INSTRUCTIONS FOR THE TASK:
Transcribe every entry verbatim; omit pictures.

EXTRACTED DATA:
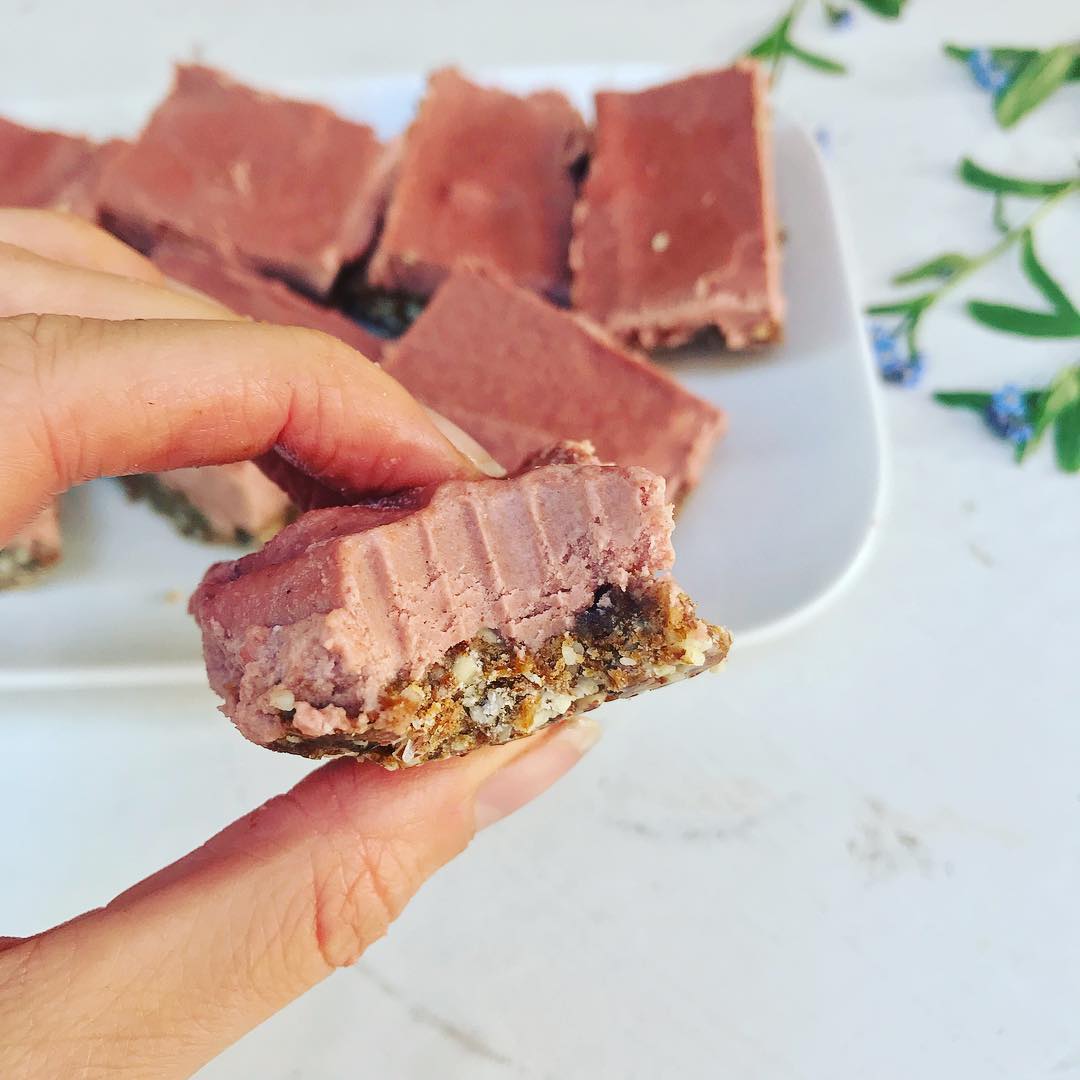 Beetroot mousse bars made with Blume Beetroot Blend taken by A bowl of overnight oats made with Blume Blue Lavender Blend topped with pumpkin seeds taken by @benaturally.fit
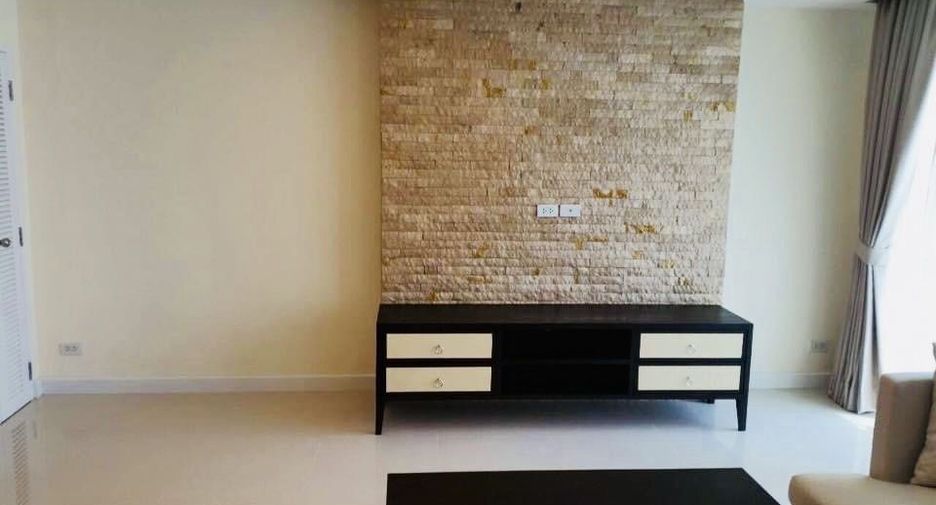 For rent 2 bedrooms condo in Yan Nawa, Bangkok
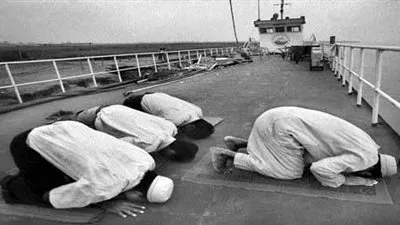 حكم الصلاة بالحذاء 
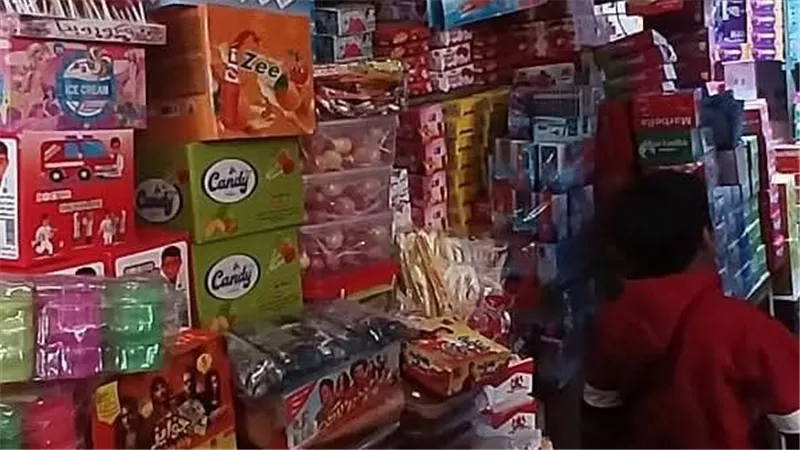 ضبط  أكثر من 4 آلاف عبوة حلوى أطفال منتهية الصلاحية في الأقصر
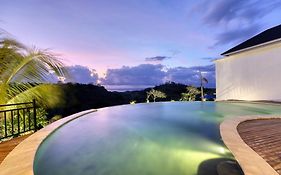 Kelingking Parama Resort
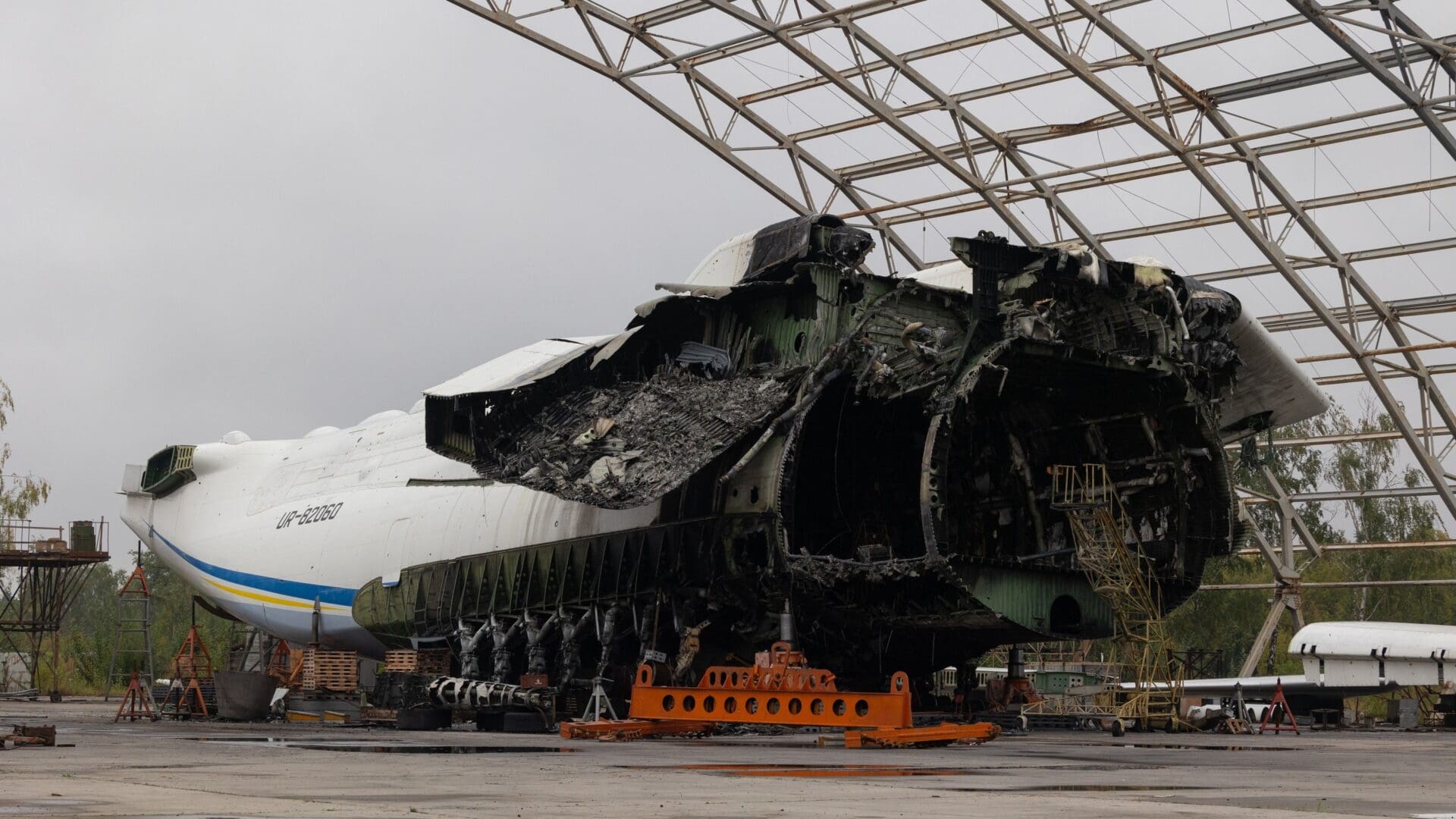 a plane that has been demolished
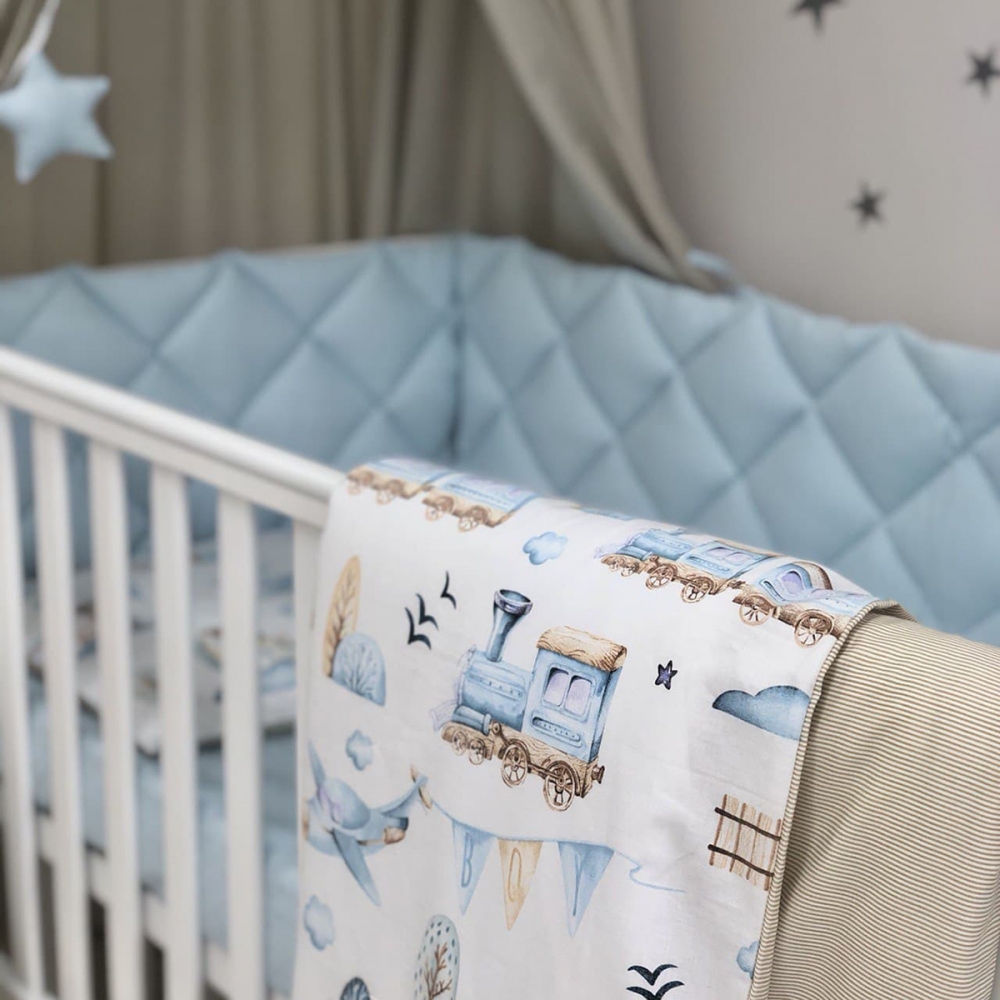 Постільний комплект Маленька Соня Baby Mix Паровозики, 6 предметів, блакитний (0291559)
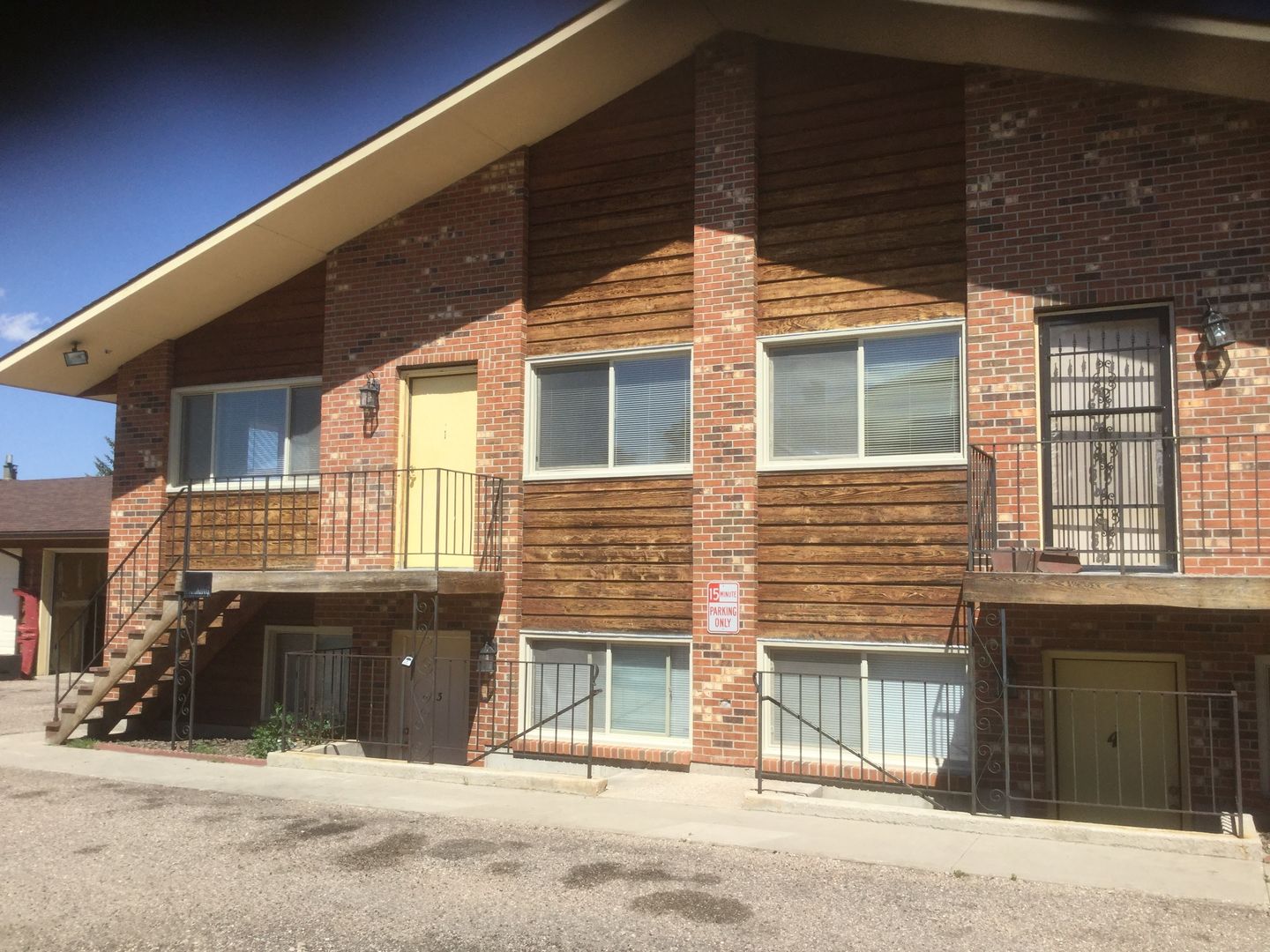 Cheyenne Apartment: 404 Hacker Ct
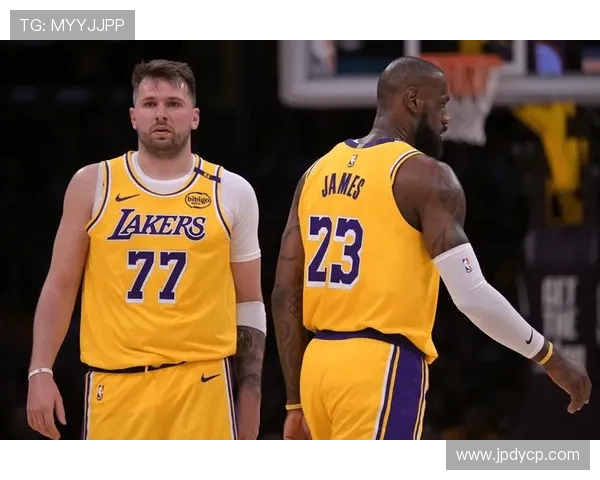 原创湖人后场奇兵里夫斯：缺少东契奇也能扛起大梁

YOUR SOLUTION:
 Beetroot mousse bars made with Blume Beetroot Blend taken by A bowl of overnight oats made with Blume Blue Lavender Blend topped with pumpkin seeds taken by @benaturally.fit
 For rent 2 bedrooms condo in Yan Nawa, Bangkok
 حكم الصلاة بالحذاء 
 ضبط  أكثر من 4 آلاف عبوة حلوى أطفال منتهية الصلاحية في الأقصر
 Kelingking Parama Resort
 a plane that has been demolished
 Постільний комплект Маленька Соня Baby Mix Паровозики, 6 предметів, блакитний (0291559)
 Cheyenne Apartment: 404 Hacker Ct
 原创湖人后场奇兵里夫斯：缺少东契奇也能扛起大梁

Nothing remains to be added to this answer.